[DATA PROVIDED]

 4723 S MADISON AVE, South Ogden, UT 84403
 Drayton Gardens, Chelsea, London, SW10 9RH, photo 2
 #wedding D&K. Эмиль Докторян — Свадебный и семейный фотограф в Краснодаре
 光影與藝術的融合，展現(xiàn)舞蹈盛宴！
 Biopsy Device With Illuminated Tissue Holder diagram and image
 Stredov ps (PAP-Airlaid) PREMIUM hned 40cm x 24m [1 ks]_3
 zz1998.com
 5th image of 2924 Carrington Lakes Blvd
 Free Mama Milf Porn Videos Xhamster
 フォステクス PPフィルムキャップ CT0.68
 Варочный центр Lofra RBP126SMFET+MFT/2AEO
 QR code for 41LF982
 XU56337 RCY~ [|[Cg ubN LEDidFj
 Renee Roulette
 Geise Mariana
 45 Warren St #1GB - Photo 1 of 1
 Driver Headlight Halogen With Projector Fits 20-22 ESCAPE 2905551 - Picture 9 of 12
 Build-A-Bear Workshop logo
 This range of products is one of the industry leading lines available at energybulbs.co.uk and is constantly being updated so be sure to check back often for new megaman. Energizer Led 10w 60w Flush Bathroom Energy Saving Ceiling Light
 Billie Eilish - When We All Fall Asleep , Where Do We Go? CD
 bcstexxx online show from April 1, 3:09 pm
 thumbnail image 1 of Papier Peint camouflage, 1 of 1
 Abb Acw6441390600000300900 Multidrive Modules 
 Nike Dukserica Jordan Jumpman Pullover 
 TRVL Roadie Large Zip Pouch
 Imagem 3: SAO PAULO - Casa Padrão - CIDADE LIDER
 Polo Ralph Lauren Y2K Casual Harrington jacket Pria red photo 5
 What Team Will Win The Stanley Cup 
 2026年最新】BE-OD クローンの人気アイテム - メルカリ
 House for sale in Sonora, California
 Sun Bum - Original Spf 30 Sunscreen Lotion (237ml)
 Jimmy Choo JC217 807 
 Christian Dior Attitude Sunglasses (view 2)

[/DATA PROVIDED]

WHAT THE TASK REQUIRES
Give back the data above, repeating every record exactly.

RESPONSE TO THIS TASK
 4723 S MADISON AVE, South Ogden, UT 84403
 Drayton Gardens, Chelsea, London, SW10 9RH, photo 2
 #wedding D&K. Эмиль Докторян — Свадебный и семейный фотограф в Краснодаре
 光影與藝術的融合，展現(xiàn)舞蹈盛宴！
 Biopsy Device With Illuminated Tissue Holder diagram and image
 Stredov ps (PAP-Airlaid) PREMIUM hned 40cm x 24m [1 ks]_3
 zz1998.com
 5th image of 2924 Carrington Lakes Blvd
 Free Mama Milf Porn Videos Xhamster
 フォステクス PPフィルムキャップ CT0.68
 Варочный центр Lofra RBP126SMFET+MFT/2AEO
 QR code for 41LF982
 XU56337 RCY~ [|[Cg ubN LEDidFj
 Renee Roulette
 Geise Mariana
 45 Warren St #1GB - Photo 1 of 1
 Driver Headlight Halogen With Projector Fits 20-22 ESCAPE 2905551 - Picture 9 of 12
 Build-A-Bear Workshop logo
 This range of products is one of the industry leading lines available at energybulbs.co.uk and is constantly being updated so be sure to check back often for new megaman. Energizer Led 10w 60w Flush Bathroom Energy Saving Ceiling Light
 Billie Eilish - When We All Fall Asleep , Where Do We Go? CD
 bcstexxx online show from April 1, 3:09 pm
 thumbnail image 1 of Papier Peint camouflage, 1 of 1
 Abb Acw6441390600000300900 Multidrive Modules 
 Nike Dukserica Jordan Jumpman Pullover 
 TRVL Roadie Large Zip Pouch
 Imagem 3: SAO PAULO - Casa Padrão - CIDADE LIDER
 Polo Ralph Lauren Y2K Casual Harrington jacket Pria red photo 5
 What Team Will Win The Stanley Cup 
 2026年最新】BE-OD クローンの人気アイテム - メルカリ
 House for sale in Sonora, California
 Sun Bum - Original Spf 30 Sunscreen Lotion (237ml)
 Jimmy Choo JC217 807 
 Christian Dior Attitude Sunglasses (view 2)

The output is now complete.